California pension trustees call for disclosures of #MeToo costs

Protesters gather at Grand Park in downtown Los Angeles in January 2018 to rally against sexual violence, among other issues.
(Jae C. Hong / Associated Press)

A group of trustees from some of America’s biggest public pension funds are calling on companies to detail costs related to sexual misconduct and any measures they’re taking to address the problem.

“We don’t see how it could possibly be accretive to corporate value to have a culture that allows for sexual harassment in the workplace,” said Priya Mathur, the departing president of the $345-billion California Public Employees’ Retirement System, or CalPERS, the largest U.S. pension fund.

Companies are losing customers, paying settlements and higher insurance costs and being distracted “from their core strategies because they have to deal with this,” Mathur said.


Together with Sharon Hendricks — the board vice chair of the $219-billion California State Teachers’ Retirement System, or CalSTRS — Mathur formed Trustees United, a group of 13 of the state’s female pension fund trustees seeking to improve corporate disclosures on sexual harassment, violence and misconduct. They want companies to publicly declare how they investigate harassment complaints, disclose settlement costs to investors, and publish information about policies to protect workers and promote diversity.

“Without sufficient data, we really don’t know what companies are paying,” Mathur said. The first woman to chair the biggest U.S. pension fund, Mathur will end her tenure this week. “We can all list ways in which we think this is costly to companies and investors, but for us to do analysis and really identify which companies are developing a culture that is supportive of productivity and long-term value creation, we need more data,” she said.

California has been a leader in promoting diversity and taking action against harassment. As of 2019, new laws prohibit non-disclosure agreements in settlements of sexual harassment, assault or discrimination; require employee harassment training; and mandate that boards of publicly traded companies based in the state have at least one female director.

The new group — which also includes trustees from the Los Angeles City Employees’ Retirement System, or LACERS, and the Los Angeles County Employees’ Retirement Assn. — is asking its colleagues and pension fund trustees around the world to sign on to its principles.

The idea for the group started on a bus ride after a trustees’ network meeting last March on investment risks from sexual harassment.

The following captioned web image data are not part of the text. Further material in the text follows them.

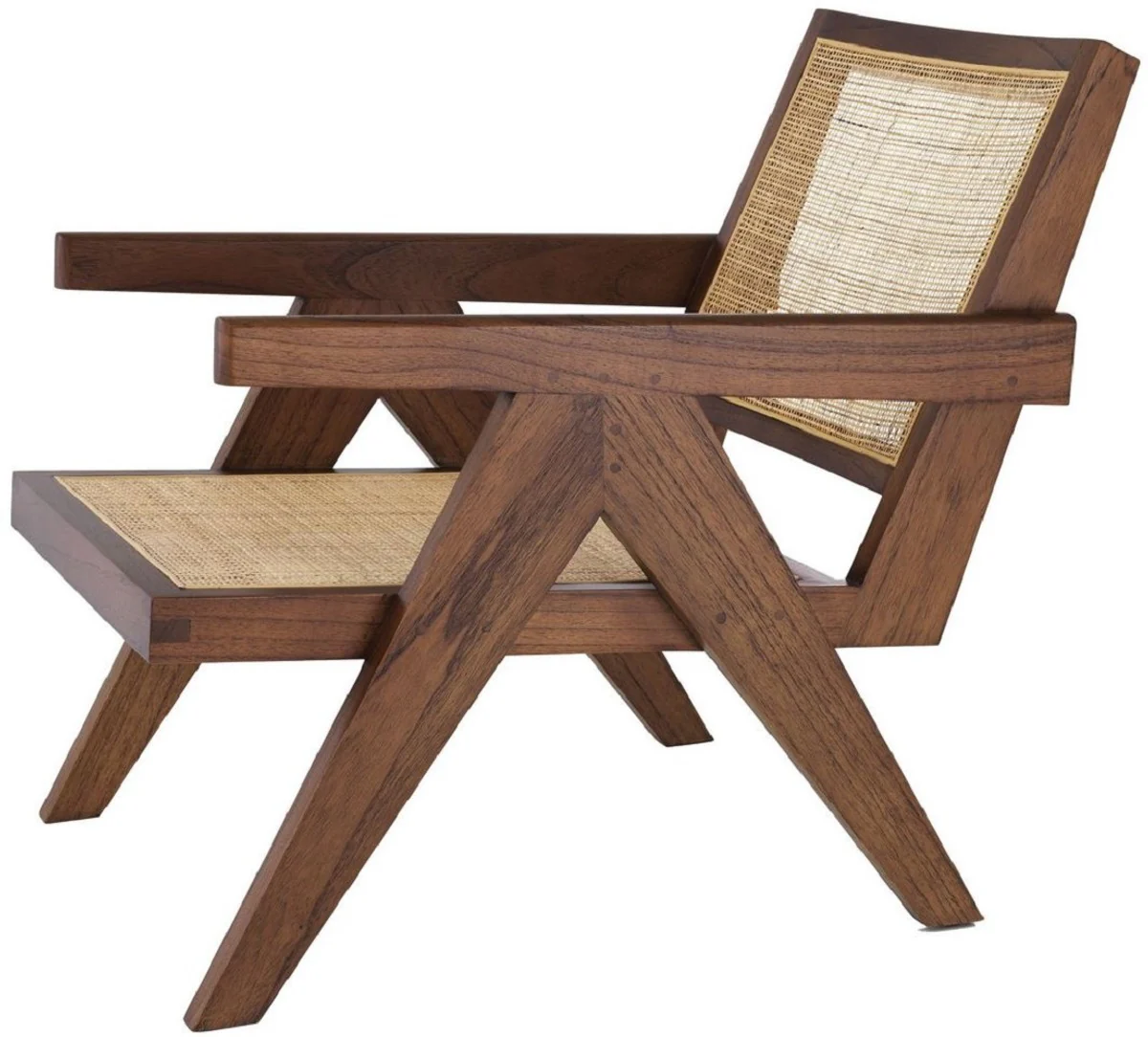 Designer Stuhl Braun / Naturfarben 58 x 82 x H. 70 cm - Massivholz Stuhl mit Armlehnen und handgewebtem Rattangeflecht - Luxus Wohnzimmer Möbel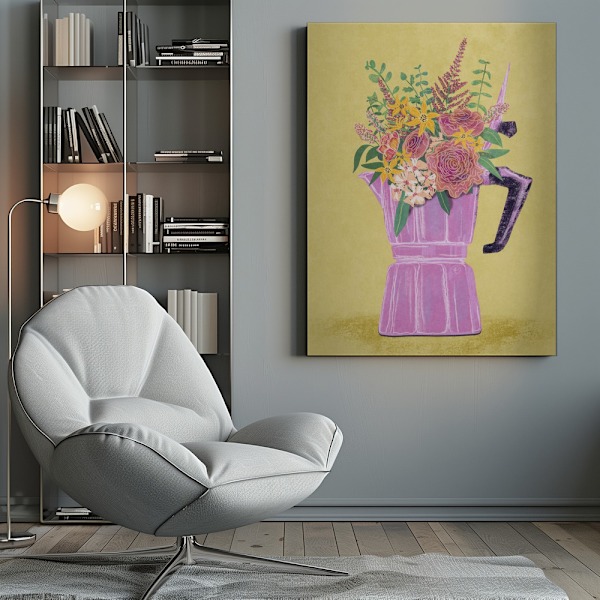 Espresso Maker with Flowers Canvastavla 50x70 cm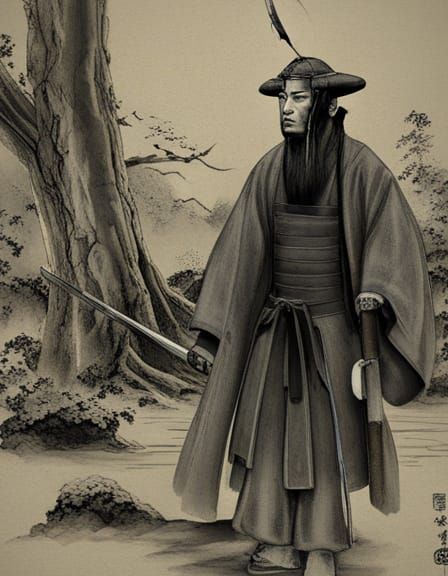 Monochrome Samurai with Katana in Eastern Drawing Style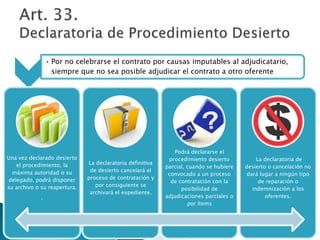 • Por no celebrarse el contrato por causas imputables al adjudicatario, 
siempre que no sea posible adjudicar el contrato a otro oferente 
Una vez declarado desierto 
el procedimiento, la 
máxima autoridad o su 
delegado, podrá disponer 
su archivo o su reapertura. 
. 
La declaratoria definitiva 
de desierto cancelará el 
proceso de contratación y 
por consiguiente se 
archivará el expediente. 
Podrá declararse el 
procedimiento desierto 
parcial, cuando se hubiere 
convocado a un proceso 
de contratación con la 
posibilidad de 
adjudicaciones parciales o 
por ítems 
La declaratoria de 
desierto o cancelación no 
dará lugar a ningún tipo 
de reparación o 
indemnización a los 
oferentes. 
 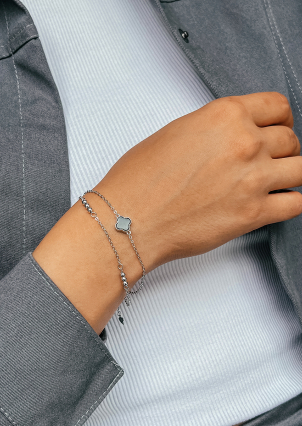 Браслет онікс Срібло 925° (родій) 957908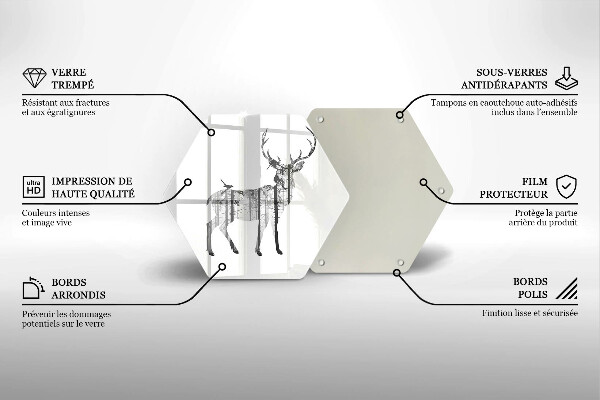 Kuchynská doska zo skla Jeleň a les ilustrácie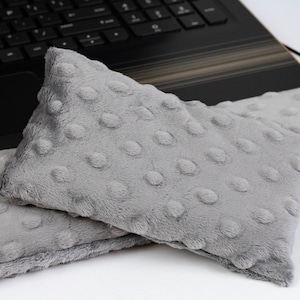 The Original Wrist Rest Set, Gray Minky Wrist Rest Set with Fold Over Covers™, Gray Wrist Rest, Infini Zipper Insert Washable Wrist Rests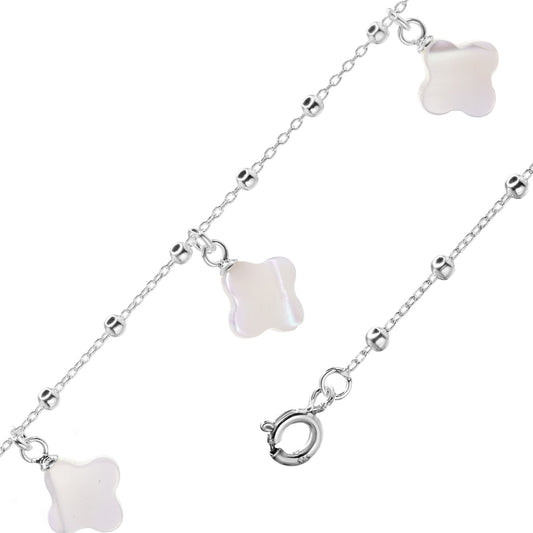 Pulsera de Plata Esferas y Placas de Nácar
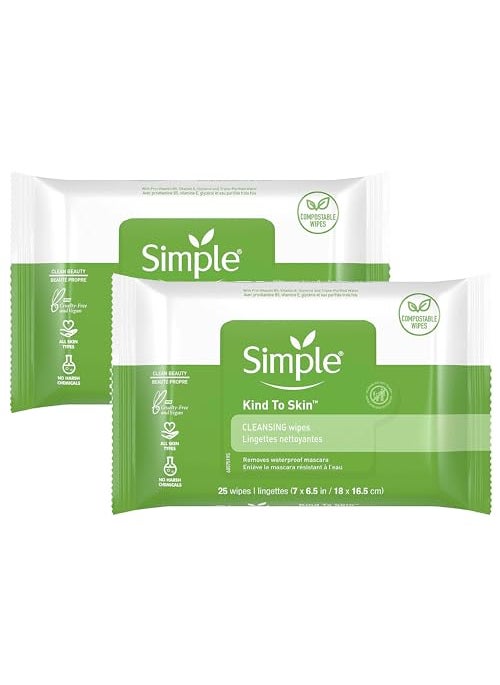 Simple Kind to Skin Facial Wipes Gentle and Effective Makeup Remover Cleansing Free from color and dye artificial perfume and harsh chemicals, 25 Count (Pack of 2)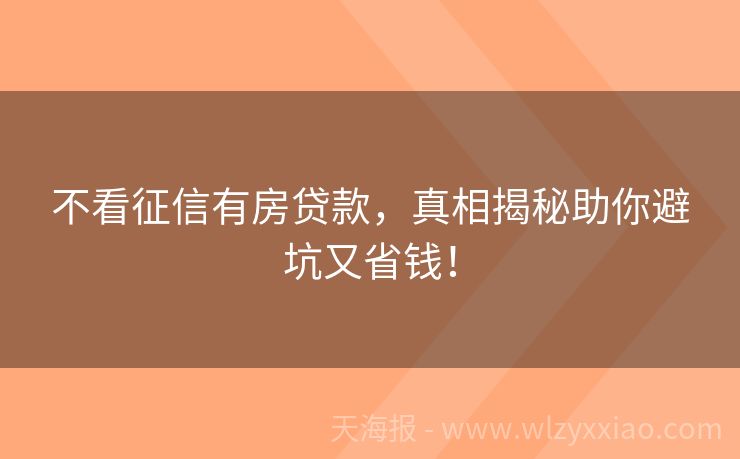 不看征信有房贷款，真相揭秘助你避坑又省钱！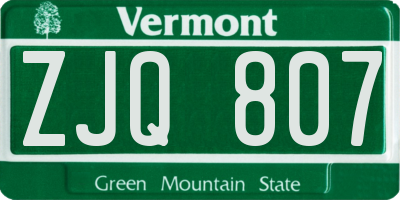 VT license plate ZJQ807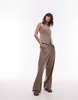 Mango button up cami vest in brown - part of a set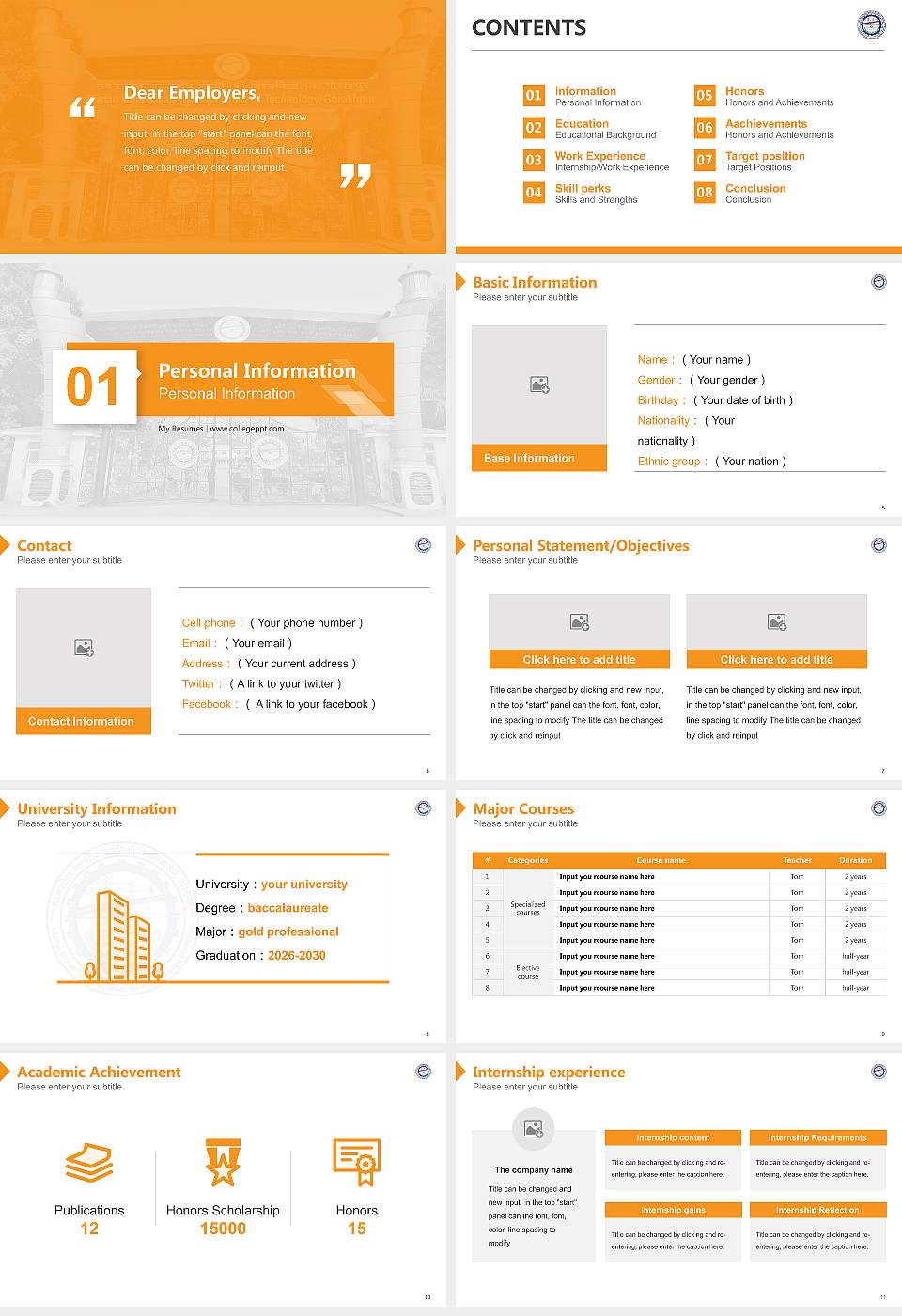 Madan Mohan?Malaviya?University of Technology Resume PPT Template16:9 ratio PPT effect preview image2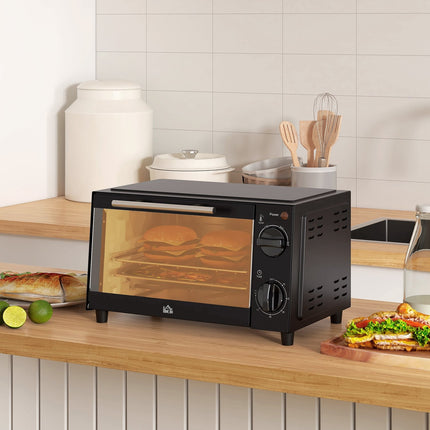 Nerezová mini trouba 9L, 750W, nastavitelný časovač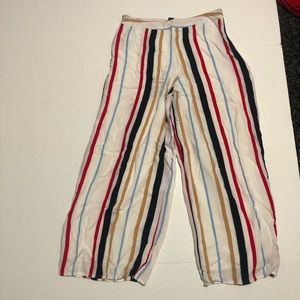 Striped Forever 21 Flowy Cropped Pants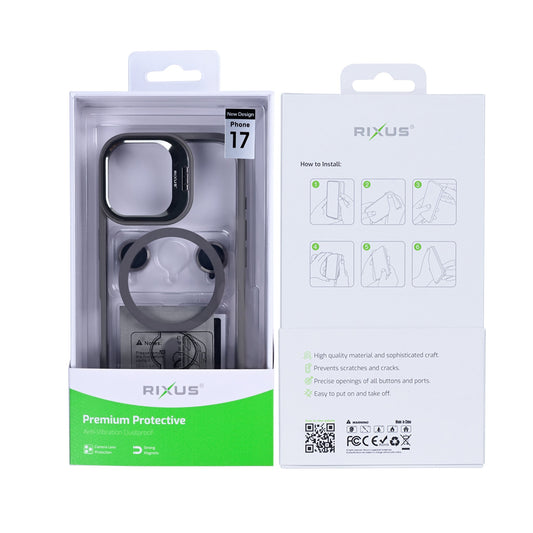 Rixus Classic 03 MagSafe Hülle – iPhone 17 – Titanium Grey - Handyschmiede-saar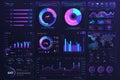 Toolkit-UI UX Dashboard infographic template with big data visualization. Pie charts, workflow, web design, UI elements vector Royalty Free Stock Photo
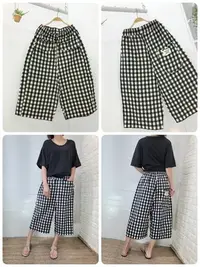 在飛比找Yahoo!奇摩拍賣優惠-正韓korea韓國進口Oops黑色大格紋平口袋7分寬鬆褲裙 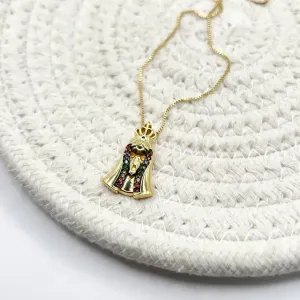 COLAR NOSSA SENHORA COM COROA E ZIRCONIAS COLORIDAS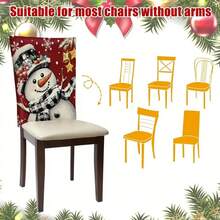 4PCS Merry Christmas Red Snowman Christmas Tree Chair Back Cover Set, Made Of Polyester, Detachable And Easy To Clean, Featuring 'Merry Christmas' Text, Snowman, And Christmas Tree Decorations. Chair Covers Are Suitable For Home Dining Rooms, Parties, And Festive Gatherings. - Red - View 7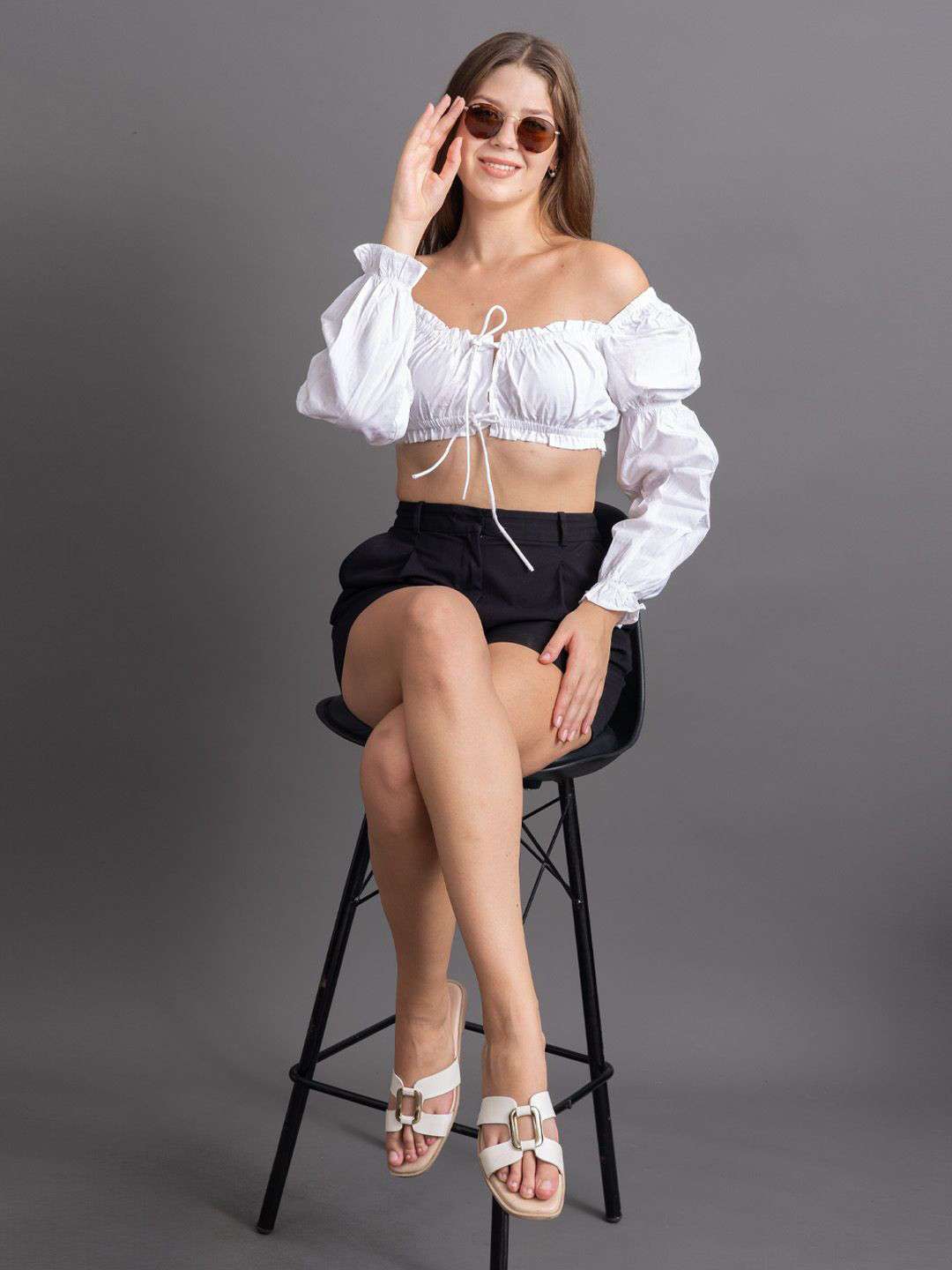 GRACIT Women Solid  Pleated Off-Shoulder Puff Sleeve Cotton Boxy Crop Top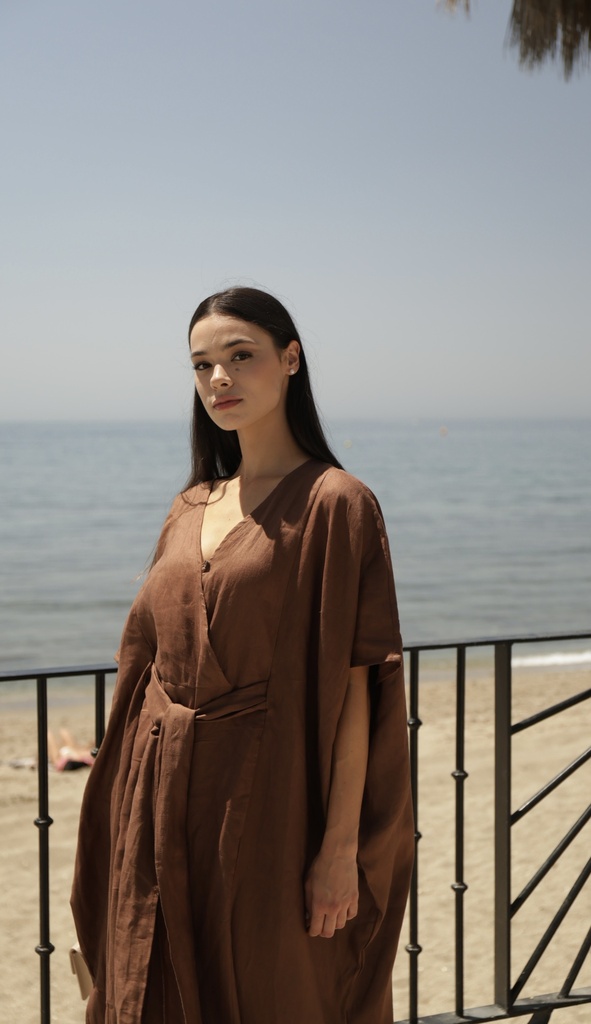 FITTED LINEN JUMPSUIT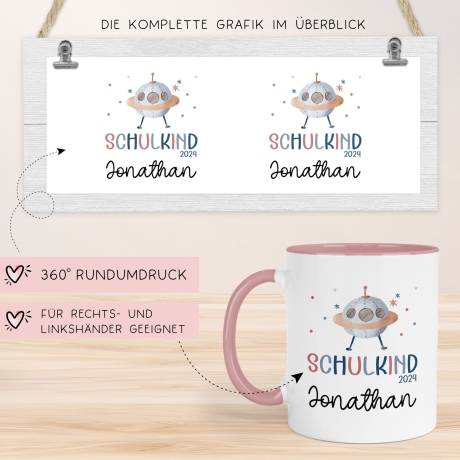Schulkind 2024 Tasse Einschulungsgeschenk mit UFO-Weltraum-Motiv Kindertasse - personalisierte Kakao Tasse mit Namen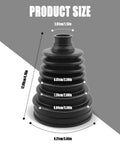 Product size diagram of Two Pack CV Boot Kit With Four Stainless Steel Clamps And Six Cable Ties, Silicone CV Joint Boot Set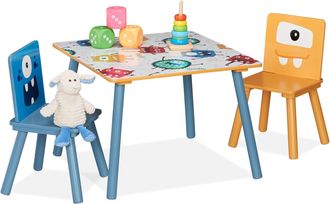 Relaxdays Relaxdays - Mesa Y Sillas Infantiles, 2 Asientos, Muebles Ni&ntilde;os, Mdf Y Madera, Juego De Minimesa Y Minisillas, Multicolor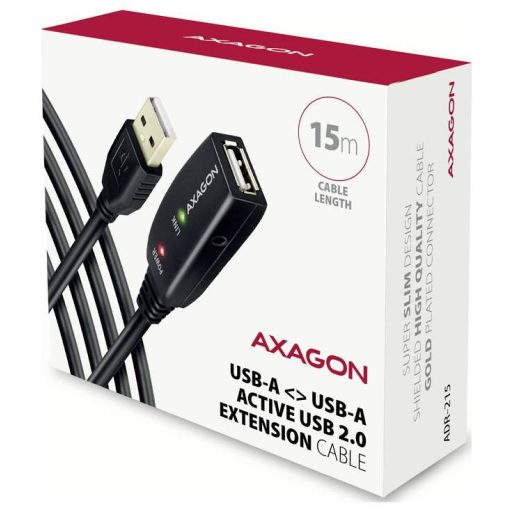 AXAGON USB kábel USB 2.0 USB-A alj, USB-A dugó 15 m Fekete ADR-215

Mathur, Hendricks, CalSTRS board chair Dana Dillon and CalPERS board member Theresa Taylor decided they needed to join forces.

Over the course of the year, CalPERS’ and CalSTRS’ boards both adopted language in their investment policies aimed at pressing companies to disclose more about harassment. Similar language was proposed at a LACERS board meeting last week.

“I don’t think we’re alone in tackling these issues, but we’re at the top of the investment chain, so to speak, and we have a unique opportunity and responsibility to take this on,” Mathur said. “There’s clearly an inflection point in our society where we’re saying we’re no longer going to tolerate this behavior, and that’s an important signal to investors.”